In the entries below, begin at the line with "Mermaid Magic: Fun" and stop after the line with "Forever 21 cropped long sleeve"; output those lines exactly and omit the pictures.

### SUPPLIED INFORMATION
□ □ □ □ □

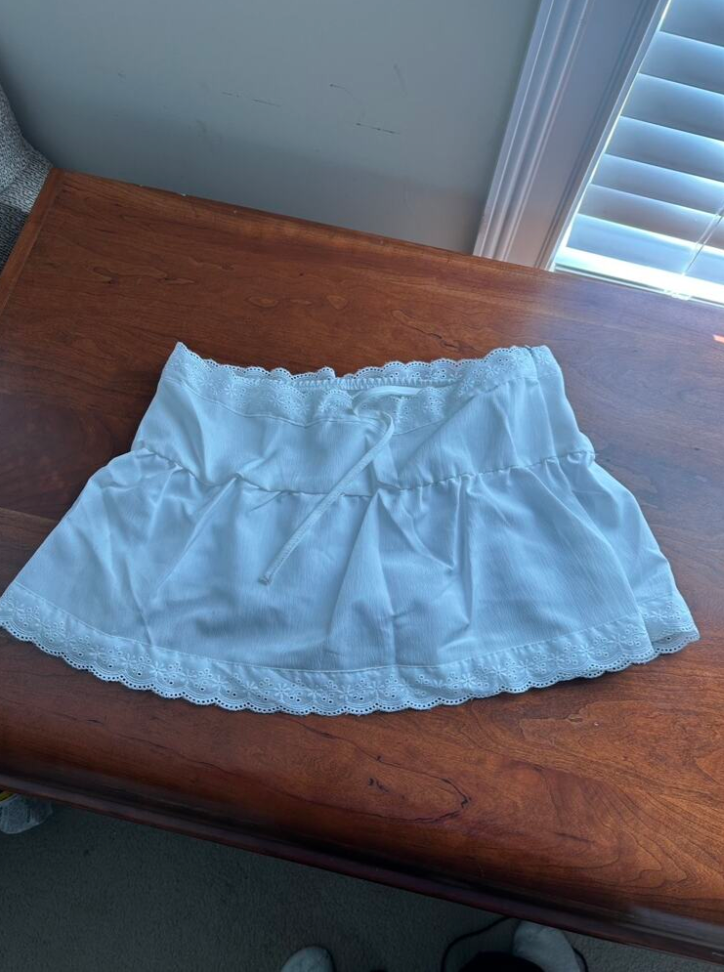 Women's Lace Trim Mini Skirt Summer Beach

□ □ □ □ □

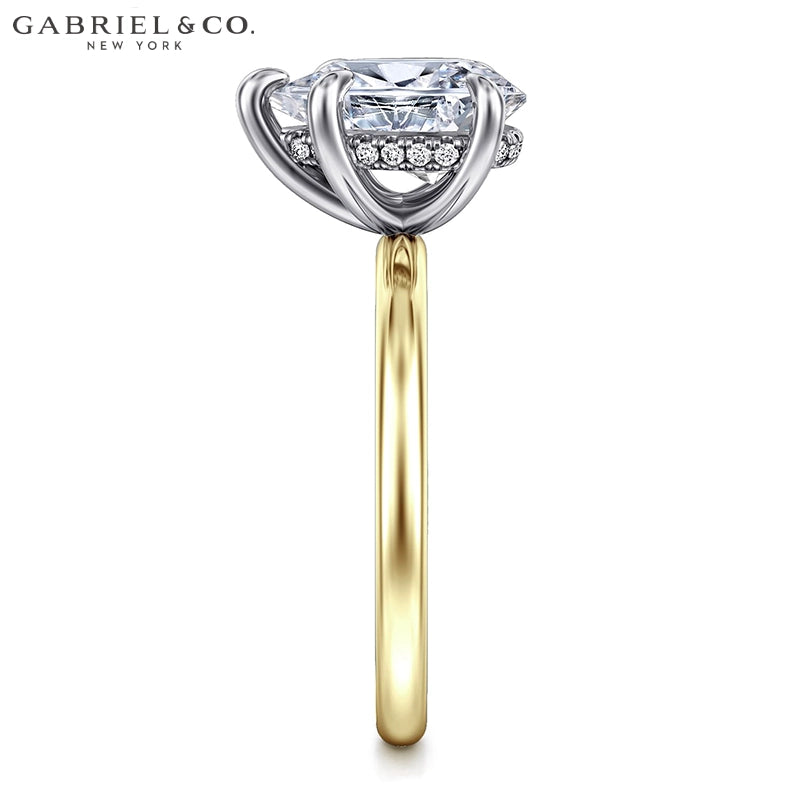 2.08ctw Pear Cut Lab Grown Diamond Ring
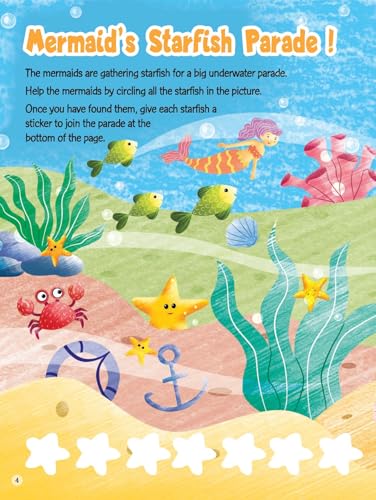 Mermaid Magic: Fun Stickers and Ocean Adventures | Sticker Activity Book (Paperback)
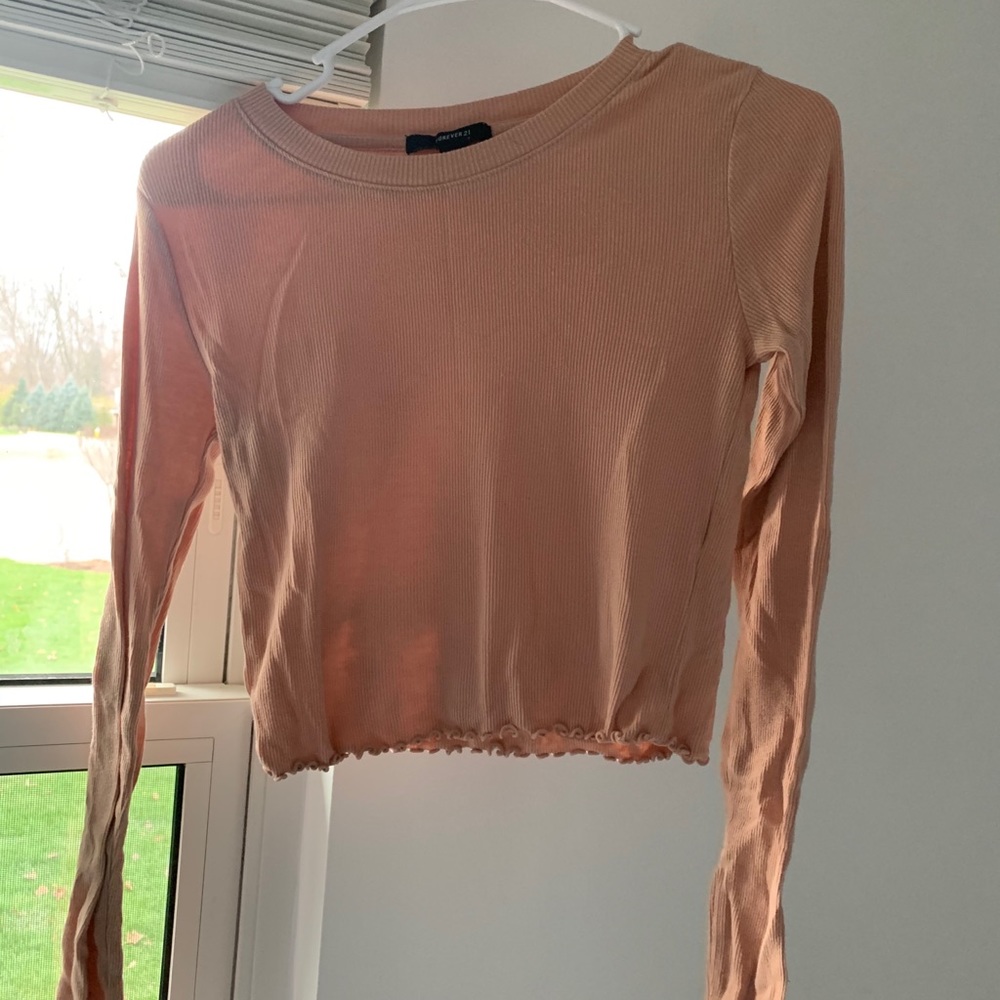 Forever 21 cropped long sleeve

□ □ □ □ □

### WRITTEN REPLY
 Mermaid Magic: Fun Stickers and Ocean Adventures | Sticker Activity Book (Paperback)
 Forever 21 cropped long sleeve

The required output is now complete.